= The King Who Wished to Marry His Daughter =

Scottish fairy tale

"The King Who Wished to Marry His Daughter" is a Scottish fairy tale collected by John Francis Campbell in Popular Tales of the West Highlands, listing his informant as Ann Darroch from Islay.

It is Aarne-Thompson type 510B, unnatural love. Others of this type include Cap-o'-Rushes, Catskin, Little Cat Skin, Allerleirauh, Donkeyskin, The She-Bear, Tattercoats, Mossycoat, The Princess That Wore a Rabbit-Skin Dress, The Bear and The Princess in the Suit of Leather.

==Synopsis==
A king lost his wife a long time ago, and declared he would not marry anyone who did not fit her clothes. One day, their daughter tried on her dress and found it fit. Her father declared he would marry her. At her foster-mother's advice, she put him off with demands for clothing: a dress of swan's down, a dress of
moorland canach, a silk dress that stood on the ground with gold and silver, a gold shoe and a silver shoe, and a chest that could lock inside and out, and travel over land and sea. When she got the chest, she put her clothing in it and got in herself, and asked her father to put it to sea, so she could see how well it worked. It carried her off to another shore.

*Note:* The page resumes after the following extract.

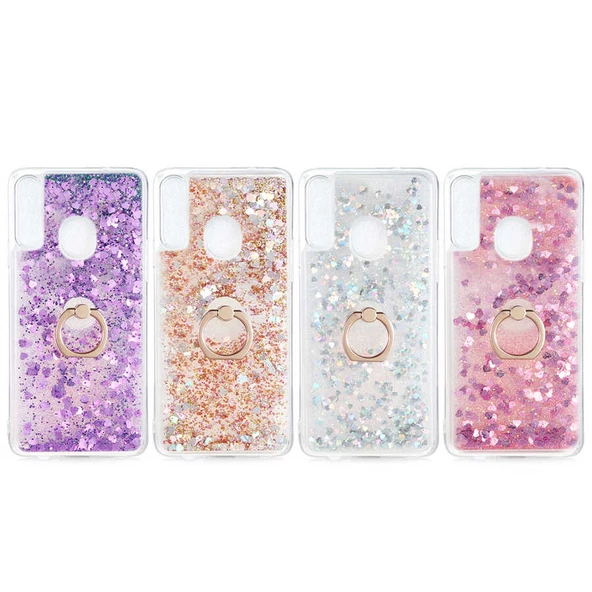 Samsung Galaxy A20S Kılıf İçi Sıvılı Yüzüklü Kapak - 2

There, a herder-boy would have broken it open, but she got him to get his father instead. She stayed with his father for a time, and went into service at the king's house, in the kitchen. She refused to go to the sermon because she had bread to bake, and sneaked off to go dressed in the swan-down dress and the king's son fell in love with her. She went again, in the moorland canach dress, and then in that of gold and silver, with the shoes, but the third time, the king's son had set a guard, and she escaped, but leaving a shoe behind.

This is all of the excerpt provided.